1930年、25歳のアマチュア天文学者のクライド・トンボーは、小さな薄暗い天体を夜空に見つけた。
アリゾナ州フラッグスタッフのローウェル(Lowell)天文台に1年ほど勤務していたトンボーは当時、ブリンク・コンパレータと呼ばれる天体の観測と比較ができる特殊な測定装置を使い、太陽系の9番目の惑星と考えられていた冥王星の姿を捉えようとした。
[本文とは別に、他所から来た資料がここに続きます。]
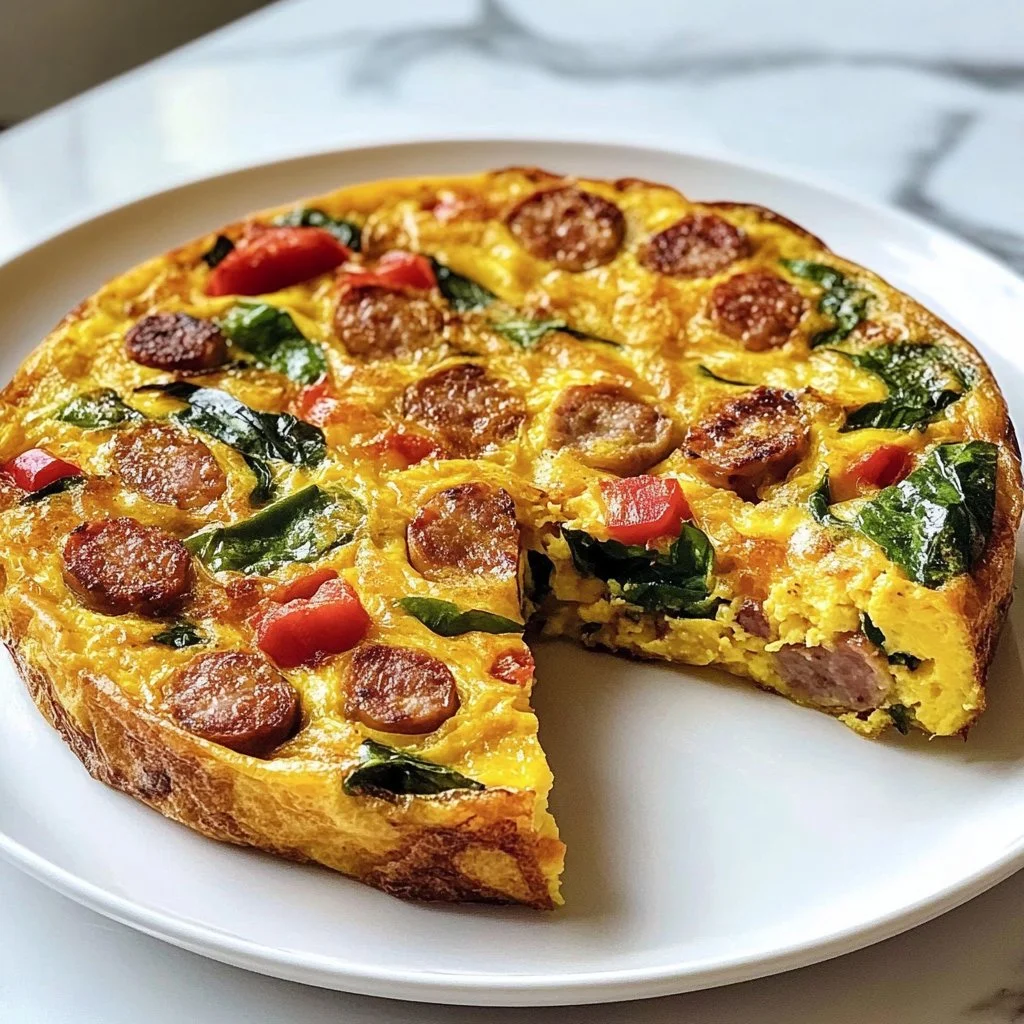 Sausage Spinach Frittata on a plate garnished with fresh herbs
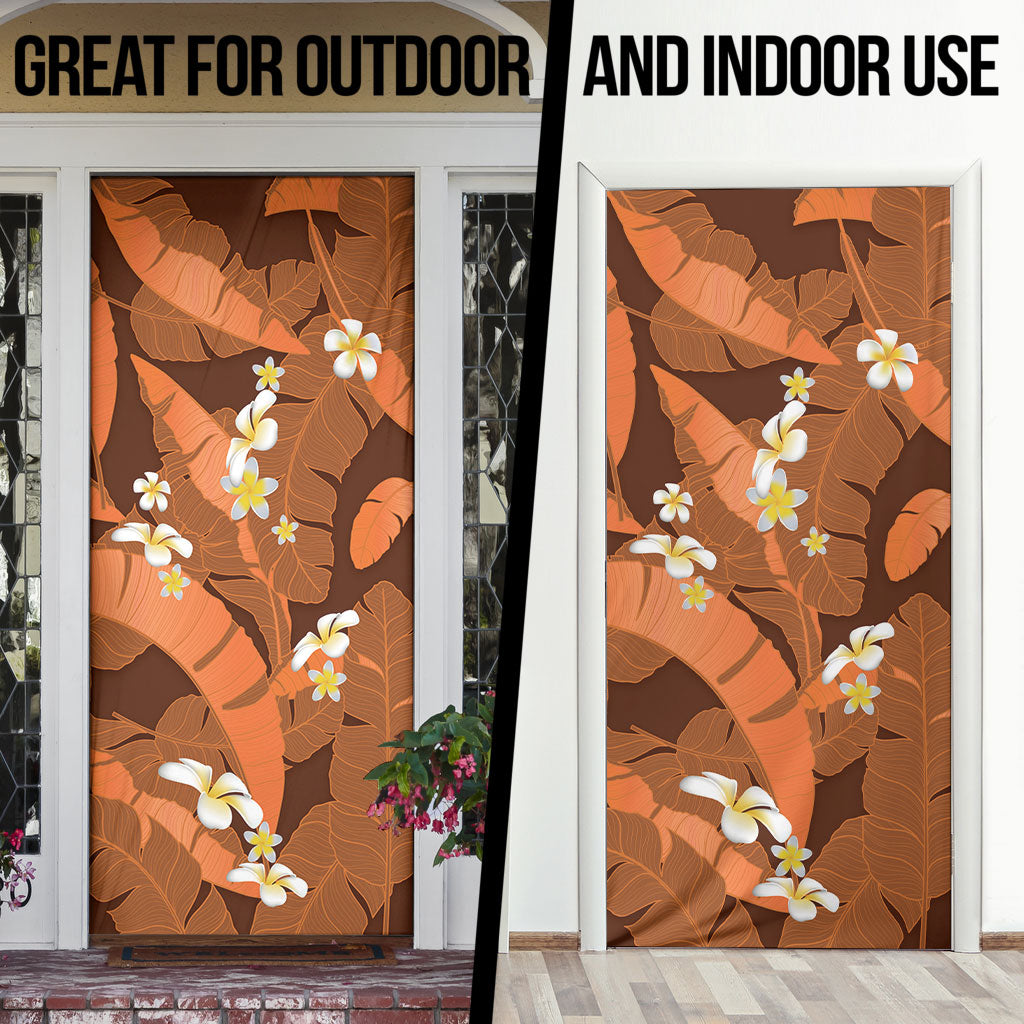 Orange Banana Leaf Hawaii Door Cover Lau Maia Plumeria Tropical Summer Vibes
一般的に、冥王星は変わった惑星と考えられており、一時期、天文学者たちは冥王星が火星より大きい可能性があると考えていた(これは事実とは異なる)。冥王星の独特な248年周期の公転軌道は、海王星の公転軌道と交差していることが知られている。現在、冥王星はカイパーベルト(編集部注:海王星の軌道よりも外側を周回する多数の小天体で構成される帯状の領域)で最大の天体と認識されているものの、もはや惑星とは見なされていない。
2006年、国際天文学連合(IAU:International Astronomical Union)は、冥王星を惑星から降格させることを採択し、惑星の定義を、太陽の周りを公転し、球体であり、「軌道上の他の天体を排除している」天体であることの三つとした。三つ目は、惑星は支配的な重力体であるため、軌道上で衛星以外に近接するものがないことを意味しており、冥王星はこの定義に該当しなかったため、準惑星とされた。
現在、新たなミッションが米国航空宇宙局(NASA)に提出され、冥王星とその近傍のさらなる探査が企てられている。2020年後半に提案された「ペルセポネ(Persephone)」ミッションは、冥王星に海があるか、またこの天体の地表と大気がどのように進化してきたかを探索するものだ(編注:ペルセポネはギリシャ神話において、冥界の神ハデス(ローマ神話のプルートーに相当)の妻である)。
ペルセポネ・ミッションでは、高解像度カメラを搭載した宇宙探査機を冥王星周回軌道に3年間乗せ、冥王星の地表と冥王星最大の衛星であるカロン(Charon)の地表の地図を作成する。